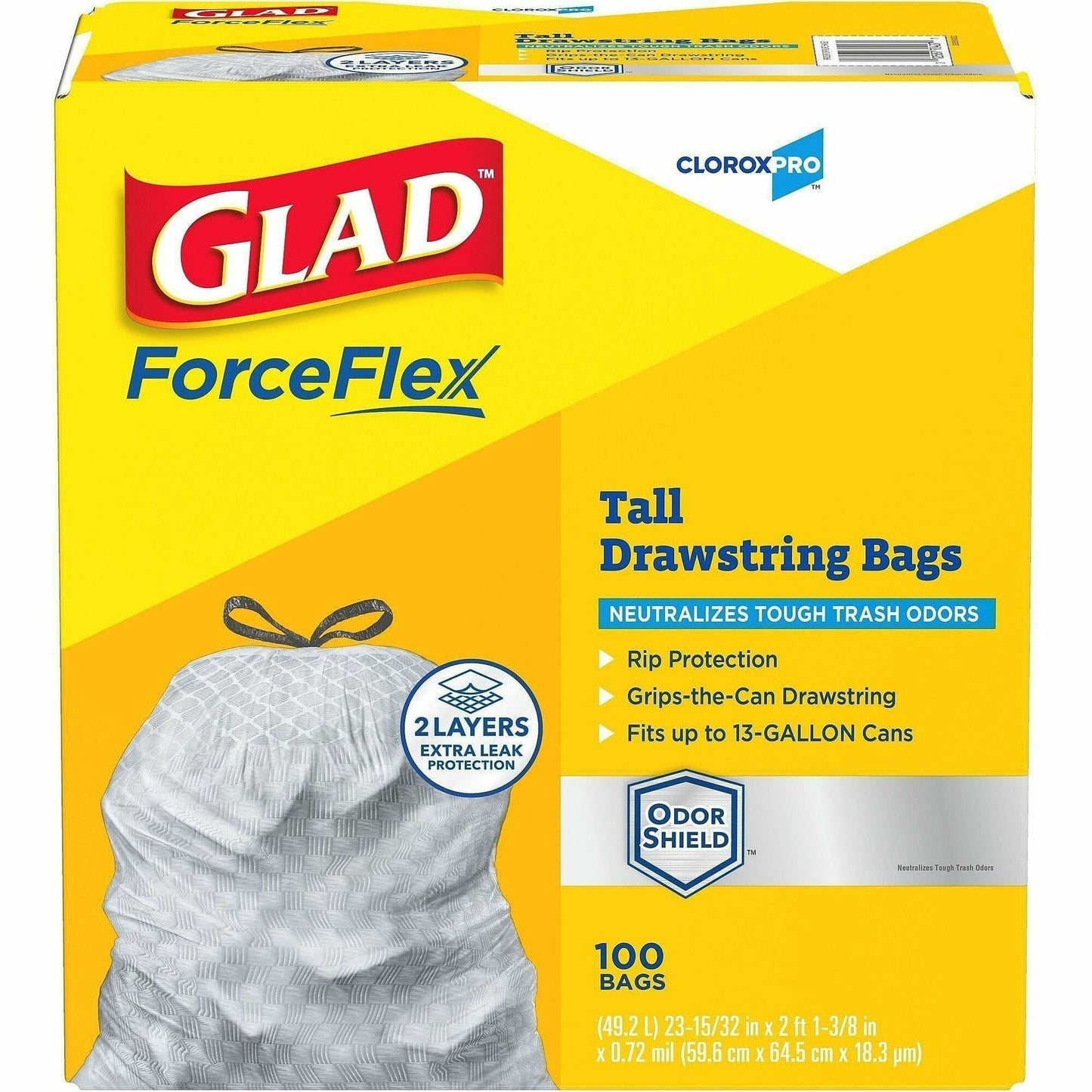 CloroxPro™ Glad ForceFlex Tall Kitchen Drawstring Trash Bags, 13 gal, 100/Box, 156/Pallet (CLO70427PL)
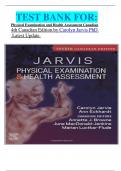       TEST BANK FOR&colon; Physical Examination and Health Assessment Canadian 4th Canadian Edition by Carolyn Jarvis PhD   Latest Update&period; 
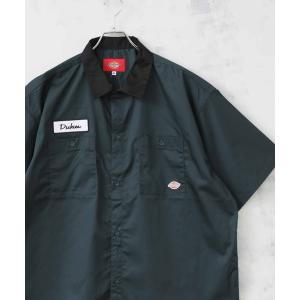 シャツ ブラウス 【DICKIES/ディッキーズ】ライトツイル クレリックワッペン付きワークシャツ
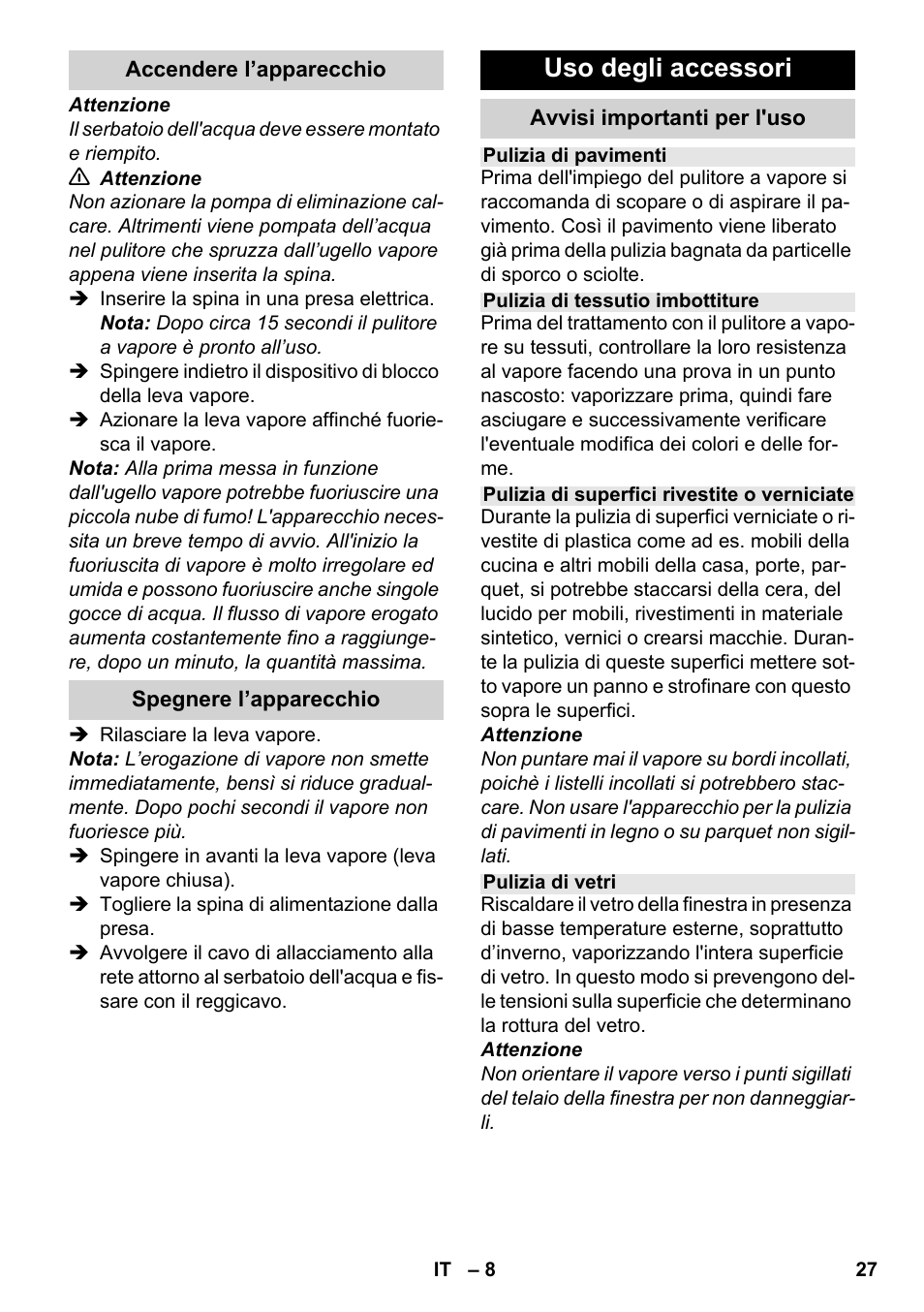 Uso degli accessori | Karcher SC 952 User Manual | Page 27 / 198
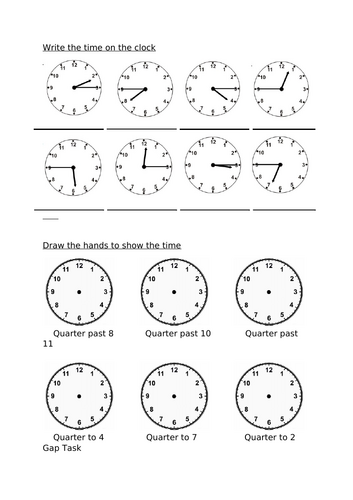 Telling the time from 15 or 5 minute intervals.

----------------

▶ **EXERCISE INSTRUCTIONS**: A verbatim copy of every entry above, with no pictures, is the expected output.

▶ **ANSWER BELOW**:
 CloroxPro™ Glad ForceFlex Tall Kitchen Drawstring Trash Bags, 13 gal, 100/Box, 156/Pallet (CLO70427PL)
       TEST BANK FOR&colon; Physical Examination and Health Assessment Canadian 4th Canadian Edition by Carolyn Jarvis PhD   Latest Update&period; 
 シャツ ブラウス 【DICKIES/ディッキーズ】ライトツイル クレリックワッペン付きワークシャツ
 Uso degli accessori | Karcher SC 952 User Manual | Page 27 / 198
 Telling the time from 15 or 5 minute intervals.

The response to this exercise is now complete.